Bisnis.com, JAKARTA — Kamar Dagang dan Industri (Kadin) Indonesia mengungkap industri masih terus berupaya mendorong substitusi impor bahan baku dengan mencari alternatif dari dalam negeri. Kendati demikian, prosesnya membutuhkan waktu.
Merujuk data Badan Pusat Statistik (BPS), impor bahan baku/penolong pada Oktober 2025 tercatat sekitar US$15,19 miliar, naik 9,90% dibanding September 2025 sebesar US$13,82 miliar.

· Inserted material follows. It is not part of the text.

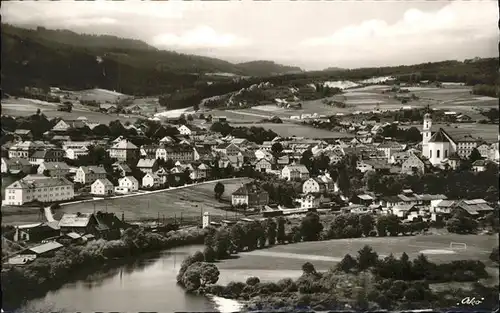 Viechtach  Kat. Viechtach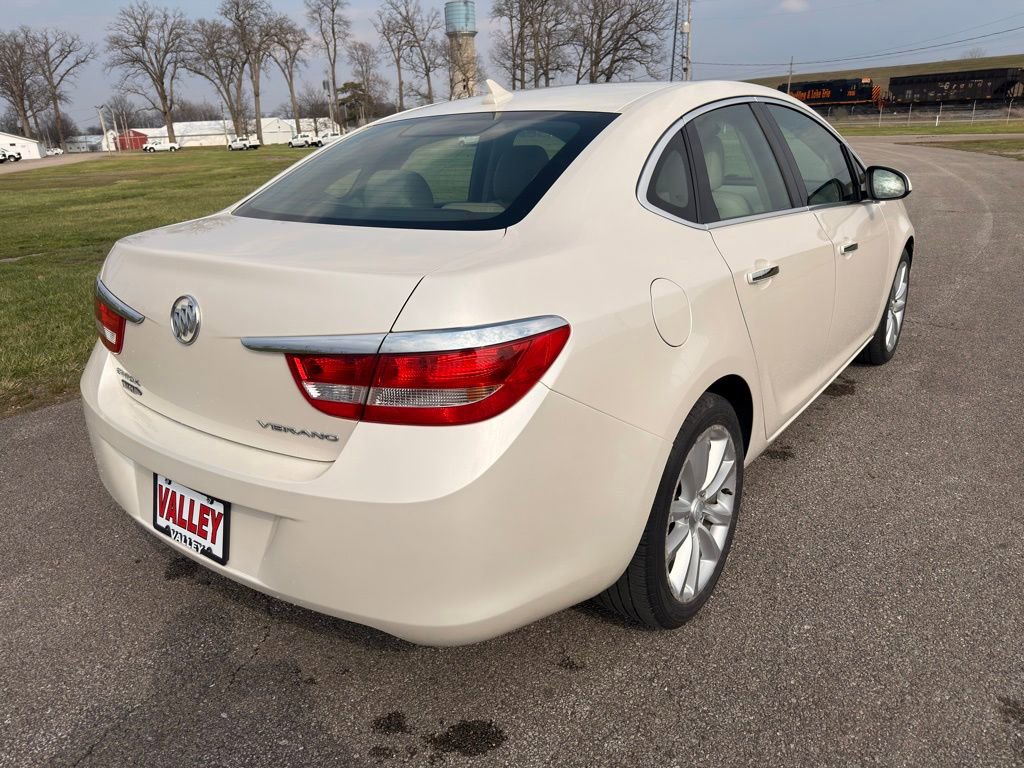 Used 2014 Buick Verano image 10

Namun, secara tahunan, angka tersebut masih lebih rendah atau turun 5,18% dibandingkan Oktober 2024 yang mencapai US$16,02 miliar.
Secara kumulatif Januari–Oktober 2025, impor bahan baku/penolong mencapai US$139,59 miliar, sedikit turun 1,25% dibanding periode yang sama tahun 2024 yang sebesar US$141,58 miliar.
Wakil Ketua Umum Bidang Perindustrian Kadin Saleh Husin mengatakan, penurunan yang terjadi secara tahunan dan kumulatif menunjukkan sebagian sektor mulai meningkatkan penggunaan bahan baku domestik, meski masih terbatas.
“Dengan demikian, sinyal substitusi impor mulai muncul, tetapi bentuknya masih selektif dan belum meluas,” kata Saleh kepada Bisnis, Kamis (4/12/2025).
Namun, Kadin melihat sinyal substitusi impor bahan baku sebagai peluang strategis meskipun penyerapannya masih dilakukan bertahap. Pasalnya, Indonesia belum dapat sepenuhnya lepas dari impor dalam waktu dekat karena kapasitas industri hulu, seperti petrokimia, bahan kimia dasar, dan komponen elektronik belum mencukupi.
“Meski begitu, ketergantungan dapat dikurangi secara nyata jika penguatan industri hulu, konsistensi kebijakan, serta efisiensi energi dan logistik terus dipacu,” jelasnya.
Dengan dorongan investasi dan hilirisasi yang sekarang berlangsung, menurut Saleh, Indonesia berpotensi menekan impor bahan baku secara bertahap dalam beberapa tahun mendatang, meskipun impor tetap diperlukan untuk barang modal dan teknologi.
Dia juga menerangkan penurunan impor bahan baku secara kumulatif 1,25% di tengah Purchasing Managers’ Index (PMI) Manufaktur Indonesia pada November 2025 yang tetap ekspansif pada level 53,5 menunjukkan bahwa industri tidak sedang melemah.
“Sebaliknya, pelaku usaha tampaknya melakukan efisiensi rantai pasok dan optimalisasi stok setelah periode harga yang bergejolak,” tuturnya.
Terlebih, ada kenaikan impor barang modal hingga 18% justru menandakan adanya investasi dan modernisasi mesin sehingga penurunan impor bahan baku lebih mencerminkan penataan ulang struktur input, bukan pelemahan produksi.
Data dari BPS menunjukkan impor bahan baku industri seperti petrokimia, nafta, kimia dasar, dan komponen elektronik menunjukkan dinamika yang beragam sepanjang Januari–Oktober 2025.
Pada komoditas petrokimia, impor oil-cake tercatat mencapai US$1,90 miliar, turun dari periode yang sama tahun 2024 sebesar US$2,16 miliar, atau melemah sekitar US$255,59 juta.
Sementara itu, impor nafta dan petroleum preparations juga meningkat cukup tajam, dari US$895 juta pada Januari–Oktober 2024 menjadi US$1,63 miliar periode yang sama tahun ini.
Di kelompok kimia dasar, tren yang muncul cenderung bervariasi. Impor potassium chloride (KCl) tercatat sebesar US$866 juta pada Januari-Oktober 2024 kemudian naik menjadi US$1,27 miliar pada Januari-Oktober 2025 atau tumbuh 47,12% ctc.
Bahan kimia untuk elektronik yang tercatat sebagai chemical elements doped justru melonjak tajam dari US$226 juta menjadi US$1,22 miliar, atau meningkat hampir US$1 miliar.